Stuart Fleming, the company’s chief executive, says construction of the Dh120 million plant in Dubai Industrial City is almost complete and installation and commissioning of the specialist equipment is imminent. “We are looking to move in in April and soft launch through the summer, with an official opening in September”.

Funding for the plant has come through the Swiss Government Export Finance Agency, “which makes this the largest foreign direct investment in the environment in the UAE”. When fully operational the Dh120 million plant in Dubai Industrial City will have a capacity of 39,000 tons of e-waste a year, in addition to handling 60,000 tons of other specialist waste, ranging from expired consumable products, such as shampoos, to car parts.

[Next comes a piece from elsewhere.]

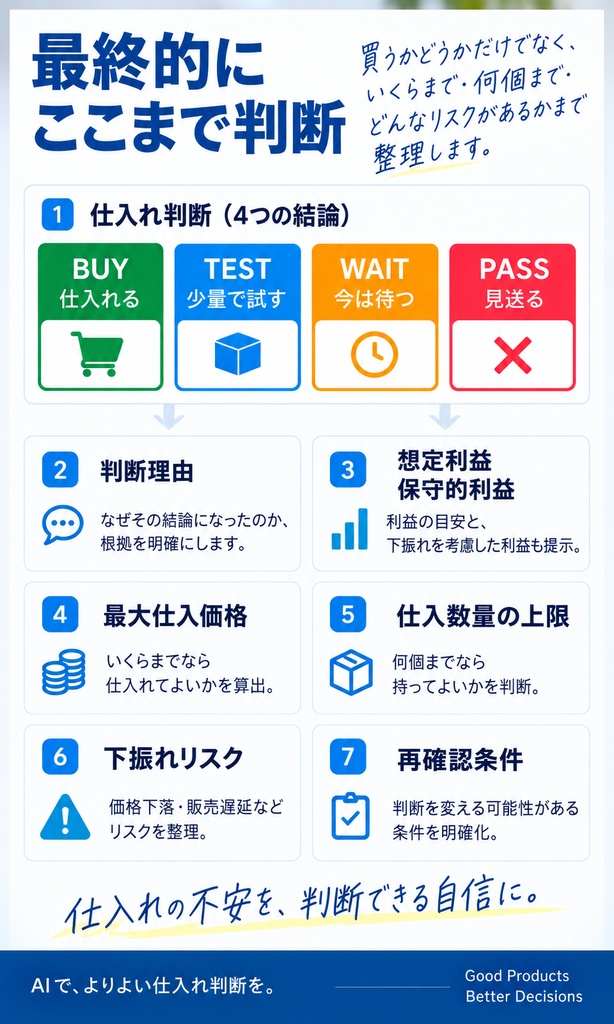この商品、仕入れる?|AI仕入れ判断キット【物販・メルカリ・せどり】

The automated technology, says Mr Fleming, “is state-of-the-art, and there’s nothing like it in the rest of the Middle East, let alone alone the Middle East-Africa region, which is our core territory”. The company has rejected chemical and high-pressure-water techniques as environmentally unfriendly, instead opting for a technology that combines shredding and pulping with magnets and air pressure to separate and extract steel, iron, copper, zinc, nickel, gold and silver and precious metals.

The UN is keen to point out to companies and governments alike that, as well as protecting the environment, recycling e-waste also makes sound economic sense. Burying or burning e-waste is to throw away valuable component materials including precious metals.

The UN report estimates that the global value of all raw materials in e-waste in 2016 was an astonishing 55 billion Euros (Dh250bn) – more than the GDP of many countries.